In article <33ccfc15.89515 at news.telepac.pt>, eowyn at bug.fe.up.pt (Raquel) says:
>>I was wondering if you guys could enlighten me. What exactly *is* the
>difference between C3 and C4 plants, and how does it affect
>photosynthesis and respiration?
>>Also, I read somewhere that only C3 plants had photorespiration. Why
>Might actually be easier for you if you pick up a basic plant physiology
text book, but I'll give you an answer as I understand it.

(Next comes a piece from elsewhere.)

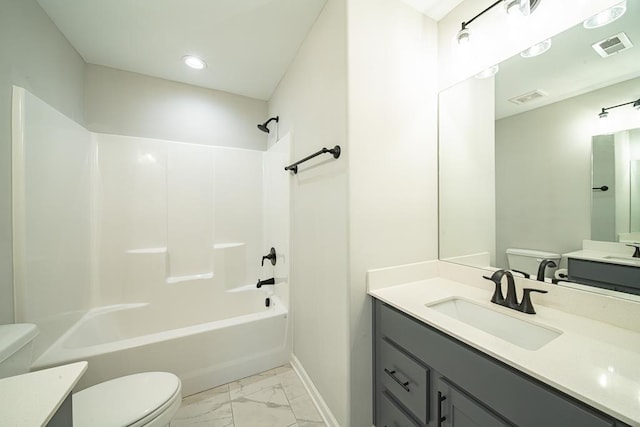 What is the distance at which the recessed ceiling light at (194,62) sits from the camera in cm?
183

Basic fact - ALL plants assimilate CO2 via Ribulose bisphosphate
carboxylase/oxygenase (RUBISCO), leading to "C3" products. This enzyme
also catalyses an oxygenase reaction producing C2 products - these are
recycled via the photorespiration pathway, which recovers 75% of the
carbon (25% lost as CO2). The split between the two reactions varies with
CO2/oxygen concentrations (more CO2, more C3 products), and temperature.
C4 plants have a way of concentrating CO2 - they have another enzyme
which fixes CO2 into "C4" products, in the mesophyll cells. These C4
compounds then move to the bundle sheath cells, where they are broken
down to release CO2, which is then assimilated by RUBISCO. In this
process the CO2 concentration around RUBISCO is higher, hence less
Note "less" oxygenase - not zero!! C4 plants certainly photorespire,
but they don't lose the CO2 released (it is re-fixed in the mesophyll).
C4 plants have all the enzymes for photorespiration, and it is easy to
measure a definite flux through this pathway - but not by looking at the
release of CO2, as one can with C3 plants.
Basic respiration in the two classes of plants is identical, and the
CO2 fixing process has no influence on it.
If you need more information, and details of the chemistry and the
structural and physiological differences involved - go to a decent
library and look it up in a good text book!